What I found particularly surprising is just how much these characters, their perspectives, and their plotting resembled attitudes and actions in our own church, both at the local and institutional level. Here are several “types” and behaviors that I found in the novel that seem as true for our current, modern church as for the Victorian era Church of England.

  • The ambitious drive out the humble. You can really get things done in the Church, so long as you don’t let humility or your desire to be Christ-like get in the way. Self-doubt is the enemy of power.
  • Those who revere the office if not the man still may be unwilling to check others’ power, even if the one in power is doing things with which they disagree.
  • Many are easily manipulated by those who seek to control them to increase the scope of their influence.
  • In a marriage, a weaker spouse may be dominated by one who is harsher; sometimes a strong-willed spouse will usurp a weaker spouse’s calling in the Church.
  • There are those who see the gospel as being oriented around forgiveness and private devotion, and there are others for whom the gospel is about policing others and enforcing behaviors; some prefer to preach from a standpoint of fear and rules, while others prefer to inspire, love and support from afar and stay out of people’s heads. These two “types” will always be locked in secret combat, with the congregational experience depending entirely on who has more power at a given time.
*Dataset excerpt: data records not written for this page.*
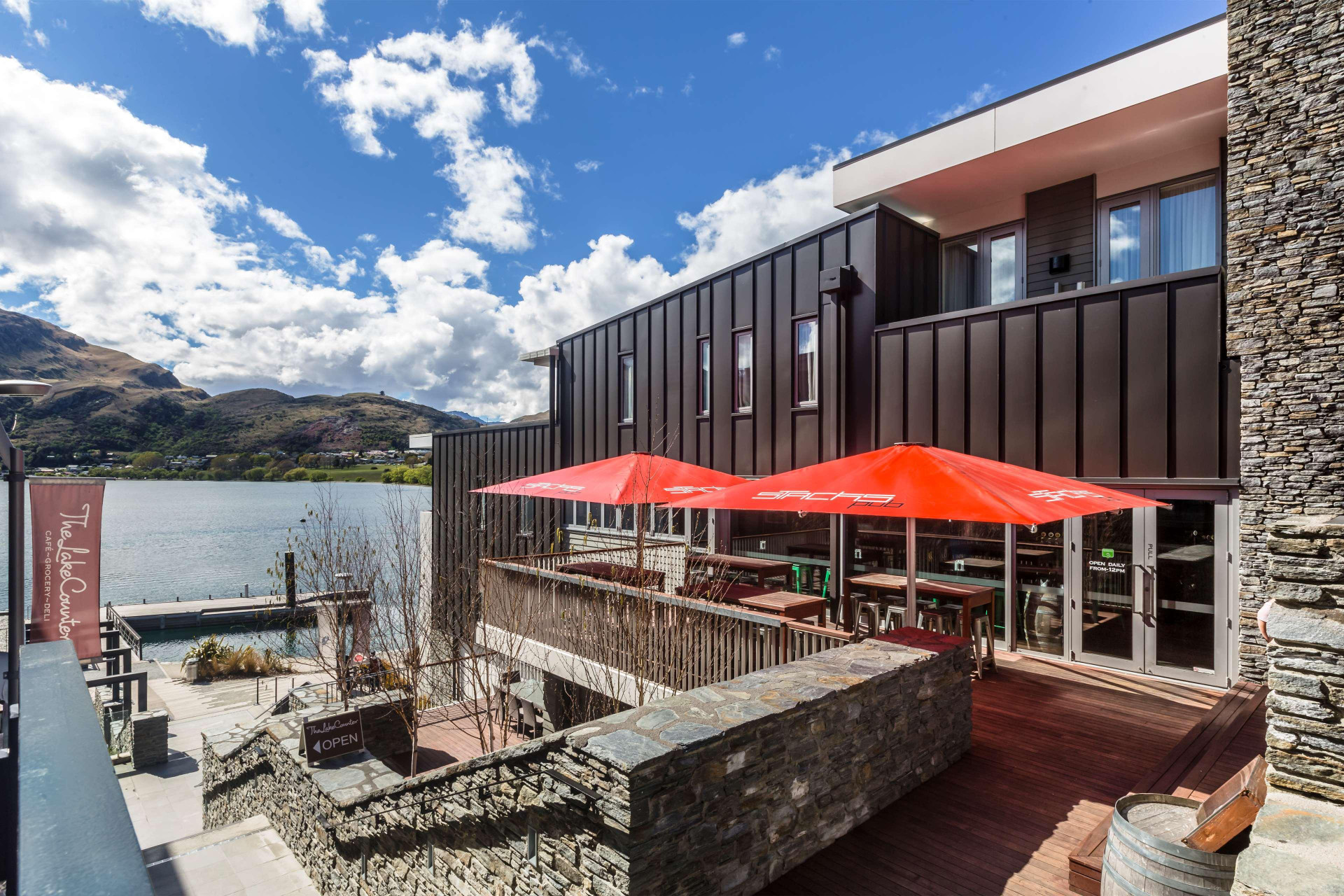 Bar/Salón Hilton Queenstown Resort & Spa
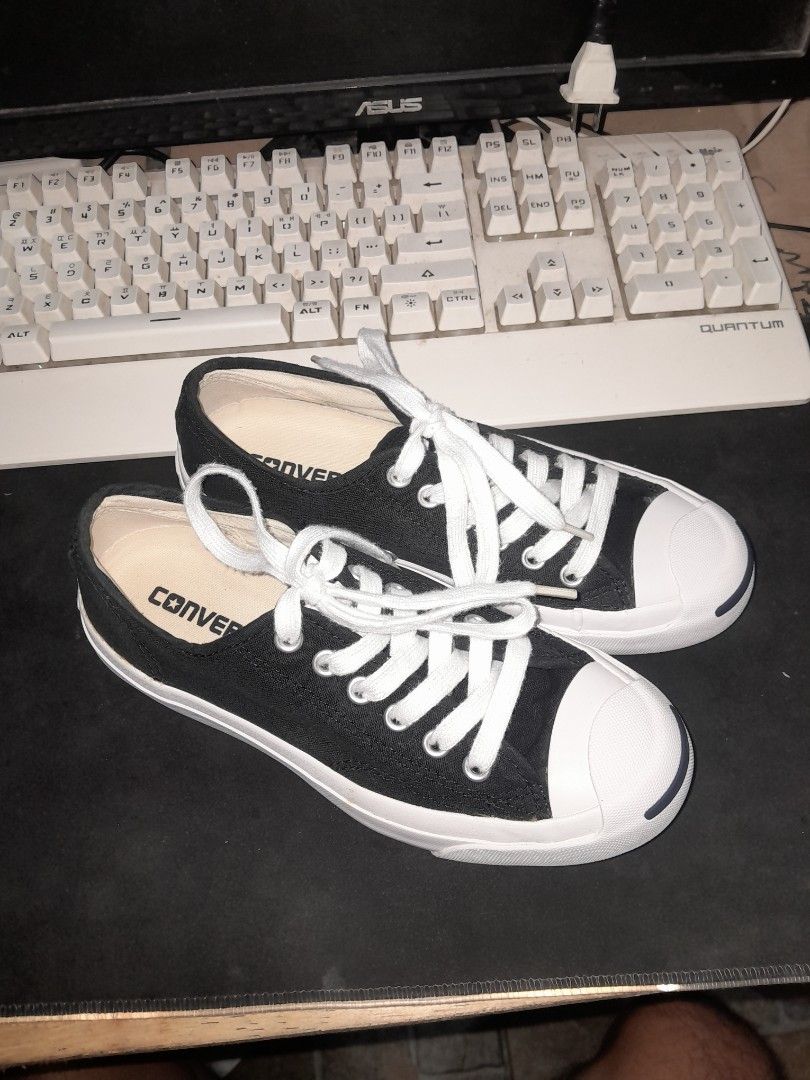 JACK PURCELL X CONVERSE (Category: Sneakers) located in Alburquerque. Submitted by zkethrifter (Listing ID 1467608328, Image 1). Description: size 6.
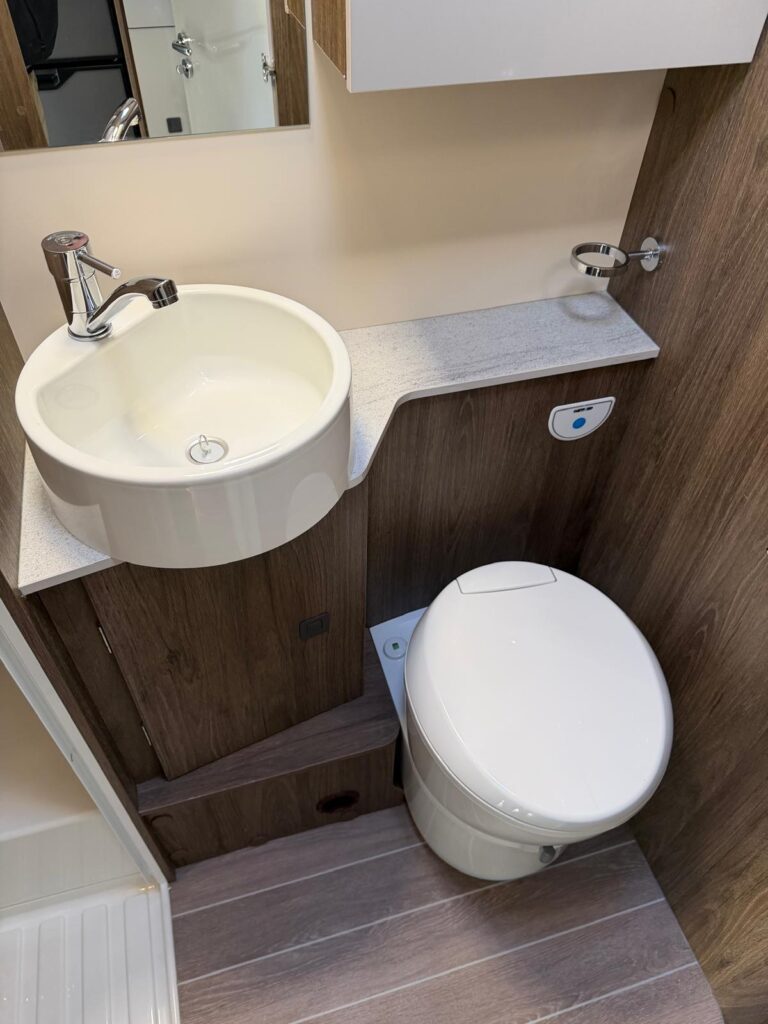 13 semintegrale c.i. magis 95 xt -fiat-letto matrimoniale-letto basculante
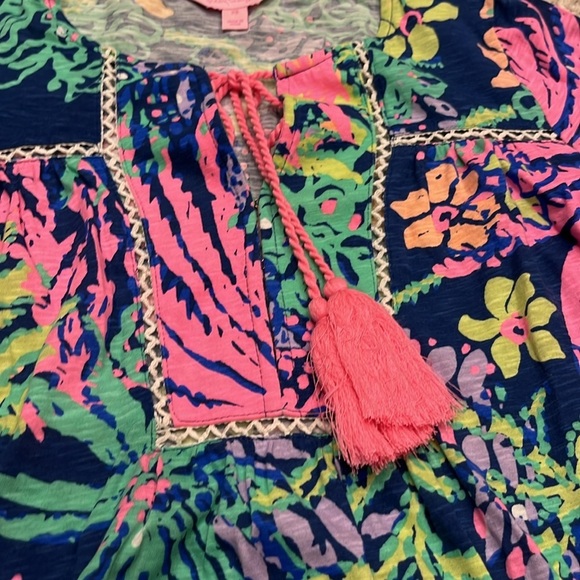 Lilly Pulitzer All Aglow Floral 3/4 Length Sleeve Tilda Tunic Top Tassel Sz XS - Picture 3 of 9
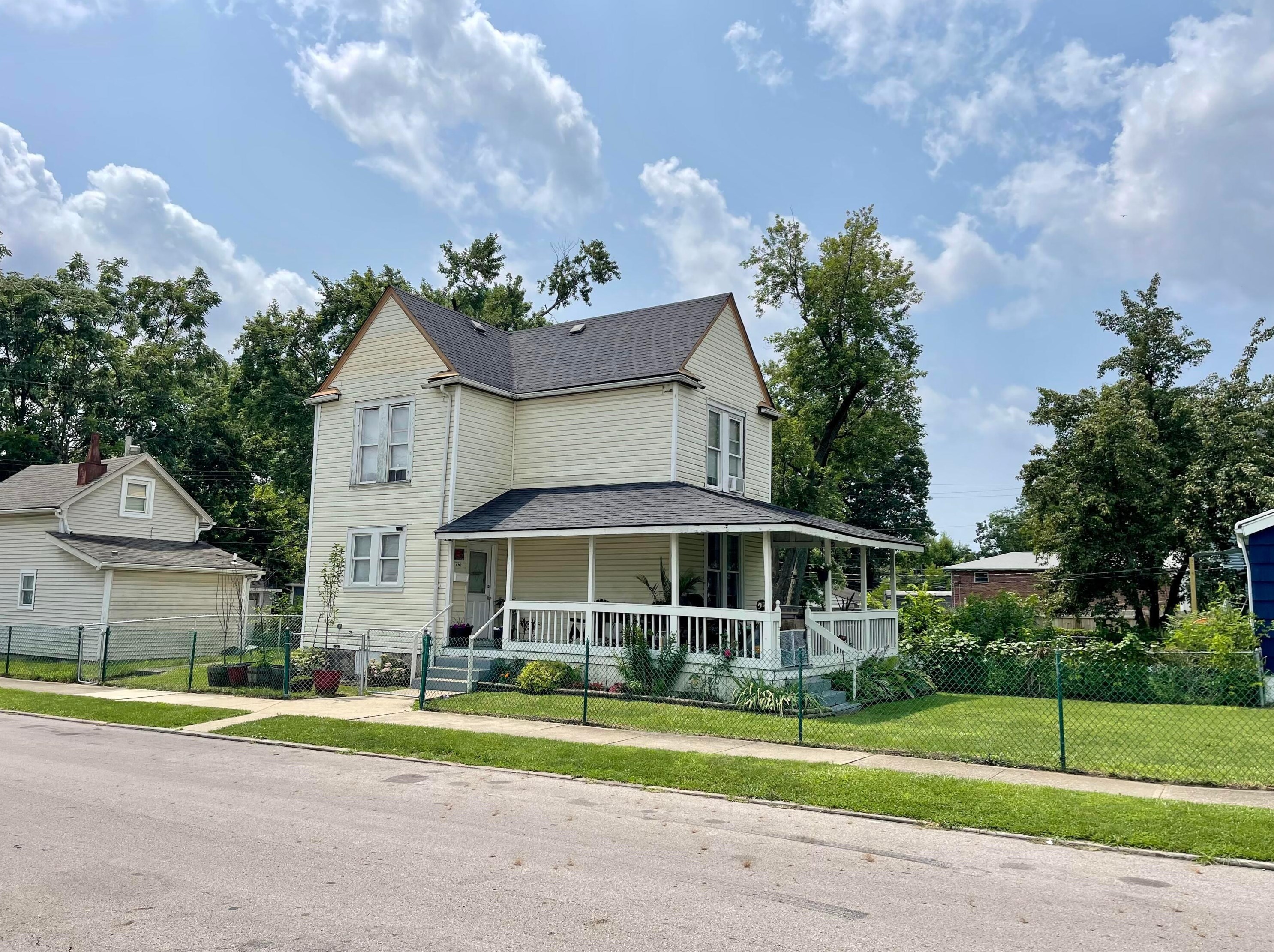 751 Reinhard Ave, Columbus, OH 43206-2939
This is what I love about fiction. In reading fiction, the human experience is portrayed in a way that allows greater insight through reflection. We find “types” of human behavior that are familiar, and through the plot, we can see how the interactions change the outcomes. It reveals humanity to us, in all its flaws and beauty.

  • Do any of these character descriptions resonate for you?
  • Have you seen characters like these in your local ward or in higher levels in the Church?
  • Do you consider yourself more like a “low Church reformer” who thinks it right to evaluate the quality of others’ beliefs or a “high Church” person who considers it none of their business to know others’ beliefs?


[1] Plain and precious truths, maybe?